Bhorer Kagoj was started in 1990 by a company with wide-ranging business and commercial interests, and circulates throughout the country. It has won a reputation for reliability and independence, and its core readership consists of educated and professional groups, and college and university students. The chairman, Mr Sadeque Chowdhury, is clearly a man who is not content to sit back if he feels something more could be done, and it seemed to him that existing agencies had neither the resources nor the opportunities to implement a sustained and effective campaign. “Our objective is to create more awareness of the dangers of tobacco smoking amongst the public, and specifically youngsters, who are the target of the tobacco firms,” he said, as the campaign was being planned, “and advise [people] on ways to quit smoking.” He added that they also wanted to avoid reporting social events sponsored by tobacco companies, so as not to give them publicity, though he acknowledged that it would be difficult covering sport without mentioning brand names, because in Bangladesh, as in so many other countries, sport is increasingly tied up with tobacco.
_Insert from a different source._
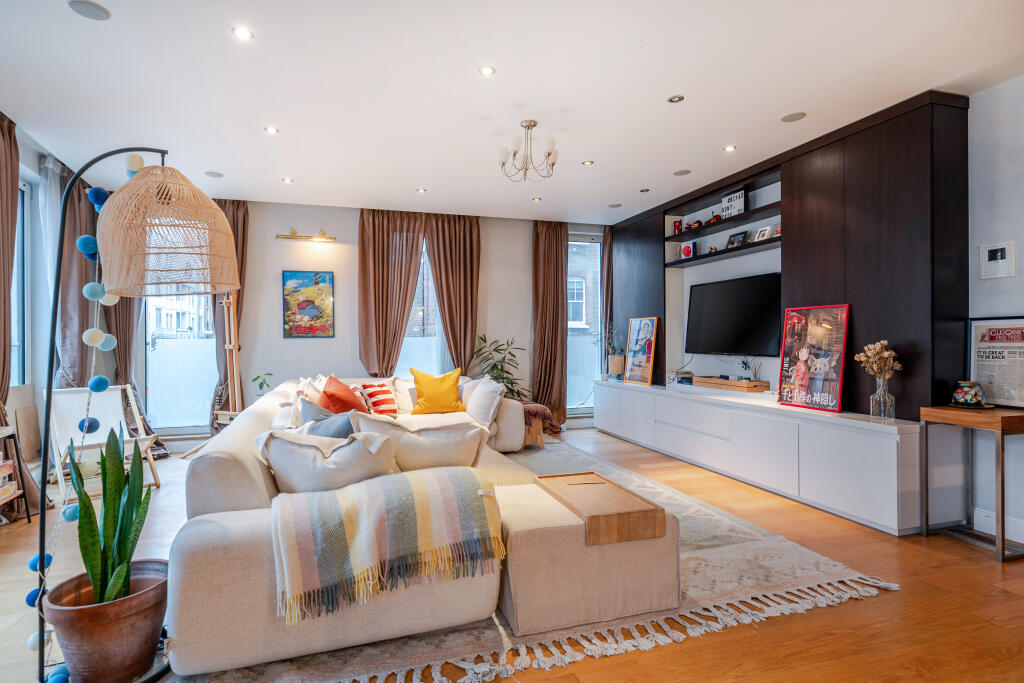 Main image of property: Cope Place, London, W8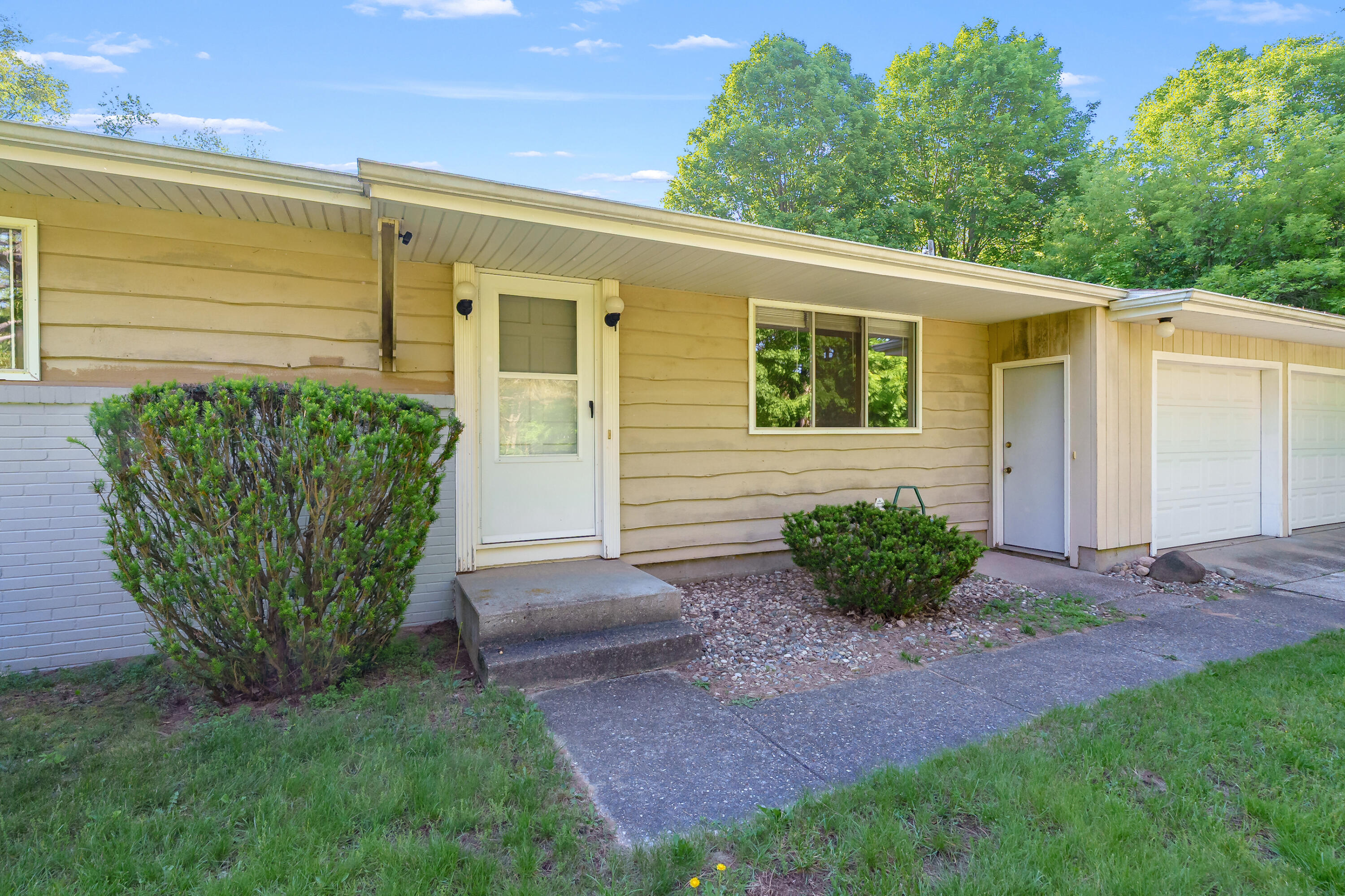 5943 S 6th Street Kalamazoo MI 49009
Bhorer Kagoj is certainly the first newspaper in Bangladesh to take a stand like this, and possibly the first in Asia. World No-Tobacco Day (31 May) saw a number of seminars and rallies held in various parts of the countries. One of these was sponsored by anti-tobacco group ADHUNIK and inaugurated by the President of Bangladesh, who presented Mr Chowdhury with the President’s ADHUNIK Medal, for the paper’s anti-smoking campaign role. The Consumers’ Association of Bangladesh also presented the newspaper with a crest commending its position in the face of loss of commercial gain.
Meanwhile, BAT seems to have increased its advertising campaign in the print media, and to be adopting a higher corporate profile. The company recently changed the name of its local subsidiary from Bangladesh Tobacco Company to British American Tobacco Bangladesh (BATB), a move which seems in keeping with a trend to a more aggressive, transnational marketing and operational style. An interesting spin-off from the Bhorer Kagoj campaign has been BATB’s response when told that the paper would no longer carry its cigarette ads. BATB sent the newspaper photocopies of the discredited articles in the British Sunday newspaper, the Sunday Telegraph, together with similar pages from The Economist, which had slavishly followed the same line. These articles purported to show that the World Health Organisation had found passive smoking to be harmless, and had then suppressed its findings (see Tobacco Control 1998;7:119–20; andBMJ 1998;316:945).
Welcome to the world war on tobacco, Bhorer Kagoj. We wish you every success.